I couldn't find the vegetable peeler......

I couldn't find the vegi peeler and I woke up with a headache at 5:30---oh, and the sisters sang like angels during our closing song today. That should be my title.
I went to bed late on Sat. waiting for Bari to come home, then I was flipping between Saturday Night Live and the Indians game. Even then I was feeling a little headache coming on. At 5:30am I woke up and took 2 Excedrin Migraine and went back to bed (yes, all that caffeine and I don't have any trouble sleeping). I slept in until 10 am.-TEN!!!! But my headache was still there. Bari wanted me to stay home, but I thought I knew better. Then I did something that made everything worse-I read the letter that was sent from the school about an assessment done on Sam. His ADD and immaturity are big issues at school. I knew about all the challenges he has been facing, but to see it in black and white was too much for me this morning I guess.
When I get these headaches I get even more emotional than normal. Anyway, I got home and my pot roast wasn't done (I'm still not used to Bari's Crock Pot), I ate 2 peanut butter cookies and went to bed. I got up this evening at about 8:30-8:45 and put the kids to bed, ate some dinner and took 2 more pills. Besides learning that the Bengals lost again, I'm starting to feel better. I told Patty today that I think the Lord gives me these headaches to make me feel fragile. I certainly feel a loss of control over my emotions and my physical capabilities concerning my family and all I do for them.
Anyway, I wanted you-all to know that I appreciate your love and concern. Your kind words mean more to me than you will ever know.
Live-Life/Love-Life

3 comments:

Leslie said...

I am so sorry that you're not feeling well. I HATE migraines. I think the peanut butter cookies were a good idea.

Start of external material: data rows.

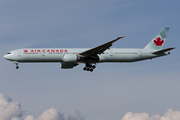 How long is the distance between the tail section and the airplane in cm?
97

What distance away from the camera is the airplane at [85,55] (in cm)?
4616

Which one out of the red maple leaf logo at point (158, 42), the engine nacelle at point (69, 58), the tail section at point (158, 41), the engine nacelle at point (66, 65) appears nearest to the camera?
the engine nacelle at point (69, 58)

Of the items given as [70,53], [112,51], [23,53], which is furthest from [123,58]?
[23,53]

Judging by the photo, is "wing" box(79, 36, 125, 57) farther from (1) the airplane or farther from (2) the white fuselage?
(2) the white fuselage

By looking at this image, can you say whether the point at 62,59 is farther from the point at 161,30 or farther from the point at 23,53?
the point at 161,30

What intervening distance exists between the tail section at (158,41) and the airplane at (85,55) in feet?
3.17

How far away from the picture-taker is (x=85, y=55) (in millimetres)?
47031

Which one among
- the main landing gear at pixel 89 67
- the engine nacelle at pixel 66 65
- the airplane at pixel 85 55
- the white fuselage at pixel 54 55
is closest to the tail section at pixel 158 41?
the airplane at pixel 85 55

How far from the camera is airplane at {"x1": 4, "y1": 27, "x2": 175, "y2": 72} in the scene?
4616cm

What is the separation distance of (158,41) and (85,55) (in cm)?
1461

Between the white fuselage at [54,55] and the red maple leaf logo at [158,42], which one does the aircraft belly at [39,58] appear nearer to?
the white fuselage at [54,55]

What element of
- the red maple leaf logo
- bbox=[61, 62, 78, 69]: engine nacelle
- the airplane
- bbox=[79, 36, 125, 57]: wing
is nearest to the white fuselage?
the airplane

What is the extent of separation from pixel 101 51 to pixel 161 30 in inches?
549

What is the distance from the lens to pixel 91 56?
155 feet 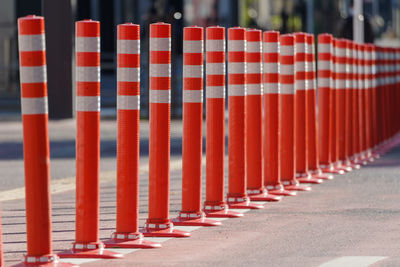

I was worried about you at church, but I had to rush around for Primary, and so I didn't get the chance to see what was really wrong. I hope you get feeling better very soon!

chelle said...

I too noticed you weren't yourself yesterday. I did notice you were putting on a good front of being ok. The things we do to try and be at church.
You are a brave one..me ..I would of been home sleeping..enjoying the thought of Michael struggling with the kids :D..but thats just me :P

Mama D said...

I, too, noticed you weren't feeling well at church. Migraines are horrible!! They knock me out, as well.

IMO, feeling fragile -- and recognizing that -- is the first step towards humility and reliance on the Lord. Lou, you are closer to that desired humility than you realize!